Give it away give it away give it away now

Hi, how're you? Hope things are going good.

A little while ago I wrote a piece for the ACCA blog documenting the last day of the NEW14 exhibition where for a day I rode on every Melbourne train line, drawing passengers along the way and giving them the drawing. Click on this sentence if you'd like to see it.

The piece as a whole is made up of lots of little pieces and one of the ones from the day that I think about the most is this one, titled;

Here's a drawing I just did of a ripped train seat. I left the drawing there on the seat for the next passenger to look at, or for the cleaners to throw in the bin, whoever finds it first.
On the off chance you're interested, here's a photo of it taken before I started drawing the pattern.
And here's a photo from a second before the train took the drawing away, taken while standing on platform one of Sunbury station.
I struggled with this piece because I really liked the drawing and so it was hard to just leave it on the train. And as I stood on the platform and watched it pull away from the station I didn't feel comfortable. I wanted to keep it, or at least have the closure of knowing what happened next. But I guess that's the poetry of it. Or at least that's the point of it. Or something. I don't really know what I'm doing. I just do it.
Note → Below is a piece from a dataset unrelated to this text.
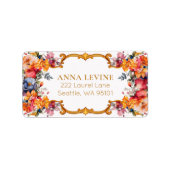  Bright Florals Romantisch Goud Lijst Etiket (Voorkant)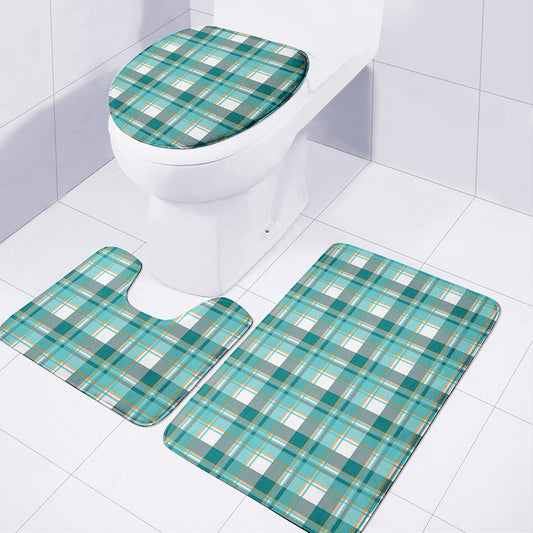 Teal Madras Pattern Print 3 Piece Bath Mat Set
Like Nike tells me to.
Anyway for this blog post I thought maybe you might like to see three more drawings that I've given away.

This first one I did two days after the ACCA piece when amazingly I was on a plane and in my first ever time leaving Australia I flew to Italy for an exhibition. A couple of hours into the flight the woman next to me fell asleep and so I made this drawing.
During the drawing the same thing happened to me that happened the last time I did a drawing on the plane; my paint marker burst from the air pressure and dripped down the page.
But it's no use crying over spilt ink, a couple of hours later it'd dried up nicely and when the woman woke up I gave her the drawing. She was great, her name was Monique, she was going to Egypt for a week. The woman sitting next to Monique took this photo of us.
After that the woman who'd taken the photo told me she was an artist too and showed me a slideshow of images of her paintings on her phone. They were really impressive. Her name's Kerry Smith. Here's some photos of my favourite works she showed me.
On my second day of being in Italy I drew this woman on a bus, (and yes I know that in my ACCA piece I said I wouldn't do train drawing anymore, but this isn't train drawing, it's bus drawing). 
I don't know Italian and the woman couldn't speak English but I did understand grazie which she said many times and it was so amazing how by giving her the drawing we were able to share a wonderful little moment despite the language barrier.
The last drawing I'll mention I did in front of the Palazzo Barberini, (which is a palace in Rome that first opened in 1633 and houses a great art collection available to be viewed). 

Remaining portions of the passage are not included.